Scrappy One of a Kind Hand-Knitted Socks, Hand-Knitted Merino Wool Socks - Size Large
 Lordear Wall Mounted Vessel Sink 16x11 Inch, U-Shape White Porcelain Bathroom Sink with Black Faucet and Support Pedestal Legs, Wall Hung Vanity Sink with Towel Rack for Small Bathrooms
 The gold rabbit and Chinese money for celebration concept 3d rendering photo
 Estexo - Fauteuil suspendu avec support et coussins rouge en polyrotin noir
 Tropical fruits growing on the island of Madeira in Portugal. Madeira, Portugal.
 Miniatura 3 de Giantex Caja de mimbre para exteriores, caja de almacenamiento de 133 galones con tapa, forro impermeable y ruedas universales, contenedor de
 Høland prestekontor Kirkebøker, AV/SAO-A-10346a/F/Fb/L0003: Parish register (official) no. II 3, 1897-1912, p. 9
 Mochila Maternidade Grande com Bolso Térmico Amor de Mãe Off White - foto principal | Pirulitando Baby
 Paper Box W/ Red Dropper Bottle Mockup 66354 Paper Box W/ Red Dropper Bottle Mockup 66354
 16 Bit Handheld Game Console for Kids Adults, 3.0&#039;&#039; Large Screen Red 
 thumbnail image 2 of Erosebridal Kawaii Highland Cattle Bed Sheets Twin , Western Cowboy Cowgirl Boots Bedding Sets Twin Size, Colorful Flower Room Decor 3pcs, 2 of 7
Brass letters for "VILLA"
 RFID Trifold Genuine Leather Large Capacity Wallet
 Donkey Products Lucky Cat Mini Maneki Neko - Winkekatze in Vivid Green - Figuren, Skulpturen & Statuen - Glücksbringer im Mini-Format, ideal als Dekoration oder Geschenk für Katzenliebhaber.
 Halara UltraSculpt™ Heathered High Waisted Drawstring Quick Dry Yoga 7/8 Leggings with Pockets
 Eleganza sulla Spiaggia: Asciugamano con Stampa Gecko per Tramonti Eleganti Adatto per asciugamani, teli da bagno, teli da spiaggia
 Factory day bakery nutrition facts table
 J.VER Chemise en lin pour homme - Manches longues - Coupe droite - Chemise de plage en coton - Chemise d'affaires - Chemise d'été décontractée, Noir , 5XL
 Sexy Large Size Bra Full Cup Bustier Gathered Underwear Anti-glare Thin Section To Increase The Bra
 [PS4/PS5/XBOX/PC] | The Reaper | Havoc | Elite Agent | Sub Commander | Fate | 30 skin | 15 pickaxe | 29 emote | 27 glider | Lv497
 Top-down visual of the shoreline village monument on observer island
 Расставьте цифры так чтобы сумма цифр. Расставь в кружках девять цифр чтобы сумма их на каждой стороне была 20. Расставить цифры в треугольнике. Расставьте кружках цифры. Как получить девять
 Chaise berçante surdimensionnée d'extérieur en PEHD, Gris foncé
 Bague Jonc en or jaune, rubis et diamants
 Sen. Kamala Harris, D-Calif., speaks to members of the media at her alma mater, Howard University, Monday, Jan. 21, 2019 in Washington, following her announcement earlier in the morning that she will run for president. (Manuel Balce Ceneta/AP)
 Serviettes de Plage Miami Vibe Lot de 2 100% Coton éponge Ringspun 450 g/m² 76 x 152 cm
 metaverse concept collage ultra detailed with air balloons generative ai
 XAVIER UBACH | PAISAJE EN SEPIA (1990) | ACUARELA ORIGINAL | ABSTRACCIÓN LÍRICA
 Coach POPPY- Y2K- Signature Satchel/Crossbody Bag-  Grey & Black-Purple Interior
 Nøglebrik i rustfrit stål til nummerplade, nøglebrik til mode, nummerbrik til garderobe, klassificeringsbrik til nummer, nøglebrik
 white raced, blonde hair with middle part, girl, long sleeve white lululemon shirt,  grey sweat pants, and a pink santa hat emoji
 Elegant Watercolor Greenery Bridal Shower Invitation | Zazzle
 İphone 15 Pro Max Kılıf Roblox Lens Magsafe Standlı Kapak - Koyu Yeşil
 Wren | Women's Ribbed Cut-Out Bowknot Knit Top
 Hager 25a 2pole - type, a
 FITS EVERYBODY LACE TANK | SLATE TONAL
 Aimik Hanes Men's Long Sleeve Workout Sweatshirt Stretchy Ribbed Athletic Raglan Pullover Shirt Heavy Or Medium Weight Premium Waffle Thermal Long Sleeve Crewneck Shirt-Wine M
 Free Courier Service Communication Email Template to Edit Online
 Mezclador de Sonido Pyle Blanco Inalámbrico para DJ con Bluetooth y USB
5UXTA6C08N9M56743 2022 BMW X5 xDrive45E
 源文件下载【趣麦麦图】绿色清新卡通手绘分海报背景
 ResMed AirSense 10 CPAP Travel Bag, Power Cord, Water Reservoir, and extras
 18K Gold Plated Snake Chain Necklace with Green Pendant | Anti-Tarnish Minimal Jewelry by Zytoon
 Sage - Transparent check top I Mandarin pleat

#####

> WHAT YOU ARE ASKED TO DO:
Once you reach the line that holds "源文件下载【趣麦麦图】绿色清新卡通手绘分海报背景", print it and every line after it through the end of the records, word for word.

> REPLY TO THE TASK:
 源文件下载【趣麦麦图】绿色清新卡通手绘分海报背景
 ResMed AirSense 10 CPAP Travel Bag, Power Cord, Water Reservoir, and extras
 18K Gold Plated Snake Chain Necklace with Green Pendant | Anti-Tarnish Minimal Jewelry by Zytoon
 Sage - Transparent check top I Mandarin pleat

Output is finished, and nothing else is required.